TASK DIRECTIONS
What is needed is an exact copy of the entries below, from the line that contains "XM12 右ﾘｱｷｬﾘﾊﾟｰ 【3330650100-000253018544430】" through the final line, both included, and nothing else.

══════════

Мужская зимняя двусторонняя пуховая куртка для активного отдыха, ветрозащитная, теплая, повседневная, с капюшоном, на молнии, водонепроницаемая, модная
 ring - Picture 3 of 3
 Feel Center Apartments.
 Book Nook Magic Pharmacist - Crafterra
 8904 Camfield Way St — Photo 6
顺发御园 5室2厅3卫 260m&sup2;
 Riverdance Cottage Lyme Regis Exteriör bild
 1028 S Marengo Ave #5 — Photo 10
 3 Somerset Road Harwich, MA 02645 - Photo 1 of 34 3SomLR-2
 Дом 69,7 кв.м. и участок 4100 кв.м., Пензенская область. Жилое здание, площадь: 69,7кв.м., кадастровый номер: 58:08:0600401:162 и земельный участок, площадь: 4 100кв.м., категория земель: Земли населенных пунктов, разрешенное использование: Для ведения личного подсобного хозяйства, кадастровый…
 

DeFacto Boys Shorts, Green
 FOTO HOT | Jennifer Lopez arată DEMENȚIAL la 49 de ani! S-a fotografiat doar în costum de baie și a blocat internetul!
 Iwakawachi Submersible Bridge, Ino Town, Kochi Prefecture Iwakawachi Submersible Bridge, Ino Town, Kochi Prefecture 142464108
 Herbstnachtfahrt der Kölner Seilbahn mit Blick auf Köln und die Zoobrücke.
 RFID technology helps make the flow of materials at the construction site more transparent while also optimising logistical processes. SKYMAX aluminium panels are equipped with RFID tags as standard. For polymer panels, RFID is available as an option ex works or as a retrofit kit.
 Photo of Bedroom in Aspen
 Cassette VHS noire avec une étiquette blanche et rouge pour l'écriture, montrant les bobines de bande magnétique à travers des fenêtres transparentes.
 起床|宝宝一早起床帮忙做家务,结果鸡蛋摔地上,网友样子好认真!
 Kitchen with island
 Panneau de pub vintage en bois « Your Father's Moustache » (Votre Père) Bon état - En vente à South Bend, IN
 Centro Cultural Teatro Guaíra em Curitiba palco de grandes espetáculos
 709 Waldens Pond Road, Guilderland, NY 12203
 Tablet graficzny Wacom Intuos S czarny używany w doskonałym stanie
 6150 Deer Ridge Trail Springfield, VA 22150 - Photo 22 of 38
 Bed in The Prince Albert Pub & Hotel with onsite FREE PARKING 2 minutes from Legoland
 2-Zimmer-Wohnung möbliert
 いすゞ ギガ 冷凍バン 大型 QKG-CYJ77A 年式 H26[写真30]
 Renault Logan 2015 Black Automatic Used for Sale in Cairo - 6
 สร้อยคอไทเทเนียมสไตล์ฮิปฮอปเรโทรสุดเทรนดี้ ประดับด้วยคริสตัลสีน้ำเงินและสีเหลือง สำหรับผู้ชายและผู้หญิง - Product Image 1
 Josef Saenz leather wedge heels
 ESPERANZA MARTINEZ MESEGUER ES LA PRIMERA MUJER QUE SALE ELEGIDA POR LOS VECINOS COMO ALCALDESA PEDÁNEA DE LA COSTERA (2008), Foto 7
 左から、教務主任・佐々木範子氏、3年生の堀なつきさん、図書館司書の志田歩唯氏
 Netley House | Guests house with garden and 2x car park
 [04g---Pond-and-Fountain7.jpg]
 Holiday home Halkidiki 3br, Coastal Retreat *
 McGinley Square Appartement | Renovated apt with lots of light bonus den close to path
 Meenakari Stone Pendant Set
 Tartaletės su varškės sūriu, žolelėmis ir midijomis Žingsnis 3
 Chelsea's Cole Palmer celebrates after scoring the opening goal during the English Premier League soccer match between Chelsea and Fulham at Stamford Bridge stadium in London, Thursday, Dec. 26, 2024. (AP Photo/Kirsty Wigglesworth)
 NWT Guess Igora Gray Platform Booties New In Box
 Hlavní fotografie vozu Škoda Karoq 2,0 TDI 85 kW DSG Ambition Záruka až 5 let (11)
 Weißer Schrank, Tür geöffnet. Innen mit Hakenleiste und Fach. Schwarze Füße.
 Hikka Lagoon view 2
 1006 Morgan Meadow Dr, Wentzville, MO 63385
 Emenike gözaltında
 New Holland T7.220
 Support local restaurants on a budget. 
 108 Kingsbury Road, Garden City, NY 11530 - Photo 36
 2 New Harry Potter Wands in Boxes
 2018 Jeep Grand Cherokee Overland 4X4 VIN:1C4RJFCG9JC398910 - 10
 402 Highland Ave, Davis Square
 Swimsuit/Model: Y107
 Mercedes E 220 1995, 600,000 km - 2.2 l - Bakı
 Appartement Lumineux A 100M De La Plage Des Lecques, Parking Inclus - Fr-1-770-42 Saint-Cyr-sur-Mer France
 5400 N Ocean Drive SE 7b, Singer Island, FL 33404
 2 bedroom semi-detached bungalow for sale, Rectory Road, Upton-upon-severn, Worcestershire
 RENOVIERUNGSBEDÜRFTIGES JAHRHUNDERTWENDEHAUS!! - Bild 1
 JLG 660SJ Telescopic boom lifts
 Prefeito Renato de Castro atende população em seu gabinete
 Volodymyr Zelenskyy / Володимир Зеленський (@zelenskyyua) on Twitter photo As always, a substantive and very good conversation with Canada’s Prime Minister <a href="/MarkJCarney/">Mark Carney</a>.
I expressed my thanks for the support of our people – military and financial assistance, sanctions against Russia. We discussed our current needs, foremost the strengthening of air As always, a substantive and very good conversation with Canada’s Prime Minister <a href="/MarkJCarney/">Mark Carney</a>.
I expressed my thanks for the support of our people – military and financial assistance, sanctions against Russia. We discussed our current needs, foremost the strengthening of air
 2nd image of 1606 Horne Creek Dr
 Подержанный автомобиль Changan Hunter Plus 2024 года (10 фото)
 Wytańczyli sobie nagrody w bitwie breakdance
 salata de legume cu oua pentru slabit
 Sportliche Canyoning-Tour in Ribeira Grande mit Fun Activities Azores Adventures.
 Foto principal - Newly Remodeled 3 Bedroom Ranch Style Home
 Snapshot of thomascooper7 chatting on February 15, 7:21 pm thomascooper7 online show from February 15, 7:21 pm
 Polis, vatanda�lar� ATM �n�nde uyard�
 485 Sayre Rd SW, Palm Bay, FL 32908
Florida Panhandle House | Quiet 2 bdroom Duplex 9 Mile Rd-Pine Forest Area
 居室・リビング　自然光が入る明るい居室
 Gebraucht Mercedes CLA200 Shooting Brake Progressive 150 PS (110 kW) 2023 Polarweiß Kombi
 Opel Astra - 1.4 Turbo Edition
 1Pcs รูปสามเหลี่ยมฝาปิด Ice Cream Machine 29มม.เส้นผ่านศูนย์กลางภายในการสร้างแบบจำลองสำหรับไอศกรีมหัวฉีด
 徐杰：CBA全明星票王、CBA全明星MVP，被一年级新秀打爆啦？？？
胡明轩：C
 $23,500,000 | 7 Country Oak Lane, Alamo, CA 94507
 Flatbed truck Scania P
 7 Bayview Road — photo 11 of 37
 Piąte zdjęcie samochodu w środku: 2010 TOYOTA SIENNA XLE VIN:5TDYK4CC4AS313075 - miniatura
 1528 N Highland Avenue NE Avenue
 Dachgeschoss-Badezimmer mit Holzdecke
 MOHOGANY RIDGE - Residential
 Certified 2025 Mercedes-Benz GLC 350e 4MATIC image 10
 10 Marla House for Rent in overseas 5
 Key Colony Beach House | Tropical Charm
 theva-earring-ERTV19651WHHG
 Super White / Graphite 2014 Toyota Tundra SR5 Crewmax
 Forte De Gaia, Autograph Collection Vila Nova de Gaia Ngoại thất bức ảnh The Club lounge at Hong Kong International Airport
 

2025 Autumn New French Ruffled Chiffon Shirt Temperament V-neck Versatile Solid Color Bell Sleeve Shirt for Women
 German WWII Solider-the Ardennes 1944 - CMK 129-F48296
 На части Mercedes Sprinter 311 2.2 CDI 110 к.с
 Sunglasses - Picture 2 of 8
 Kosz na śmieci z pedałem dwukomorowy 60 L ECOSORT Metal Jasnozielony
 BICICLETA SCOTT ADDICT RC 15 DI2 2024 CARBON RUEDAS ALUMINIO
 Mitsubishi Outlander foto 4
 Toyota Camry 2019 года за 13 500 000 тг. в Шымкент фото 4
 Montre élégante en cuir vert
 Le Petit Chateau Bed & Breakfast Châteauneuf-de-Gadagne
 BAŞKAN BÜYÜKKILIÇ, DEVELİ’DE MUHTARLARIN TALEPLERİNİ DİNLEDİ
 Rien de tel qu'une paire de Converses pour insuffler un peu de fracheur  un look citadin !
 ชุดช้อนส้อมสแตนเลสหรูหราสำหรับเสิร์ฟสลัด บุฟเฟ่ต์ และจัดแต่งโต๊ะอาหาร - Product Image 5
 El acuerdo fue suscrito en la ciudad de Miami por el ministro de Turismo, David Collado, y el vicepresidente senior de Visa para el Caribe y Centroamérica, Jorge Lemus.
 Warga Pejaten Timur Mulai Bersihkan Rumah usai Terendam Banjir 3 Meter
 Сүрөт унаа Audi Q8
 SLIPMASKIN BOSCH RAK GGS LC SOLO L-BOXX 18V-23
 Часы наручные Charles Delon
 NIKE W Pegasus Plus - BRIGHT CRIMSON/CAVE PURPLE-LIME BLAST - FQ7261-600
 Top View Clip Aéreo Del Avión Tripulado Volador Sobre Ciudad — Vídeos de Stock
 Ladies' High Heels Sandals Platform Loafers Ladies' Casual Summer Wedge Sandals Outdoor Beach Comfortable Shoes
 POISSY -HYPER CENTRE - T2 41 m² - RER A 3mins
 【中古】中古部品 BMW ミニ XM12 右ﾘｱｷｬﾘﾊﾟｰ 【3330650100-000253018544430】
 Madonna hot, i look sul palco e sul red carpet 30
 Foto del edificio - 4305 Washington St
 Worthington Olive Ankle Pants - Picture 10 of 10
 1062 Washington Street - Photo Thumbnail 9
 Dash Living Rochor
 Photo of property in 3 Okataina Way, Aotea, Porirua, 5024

══════════

WRITTEN RESPONSE
 【中古】中古部品 BMW ミニ XM12 右ﾘｱｷｬﾘﾊﾟｰ 【3330650100-000253018544430】
 Madonna hot, i look sul palco e sul red carpet 30
 Foto del edificio - 4305 Washington St
 Worthington Olive Ankle Pants - Picture 10 of 10
 1062 Washington Street - Photo Thumbnail 9
 Dash Living Rochor
 Photo of property in 3 Okataina Way, Aotea, Porirua, 5024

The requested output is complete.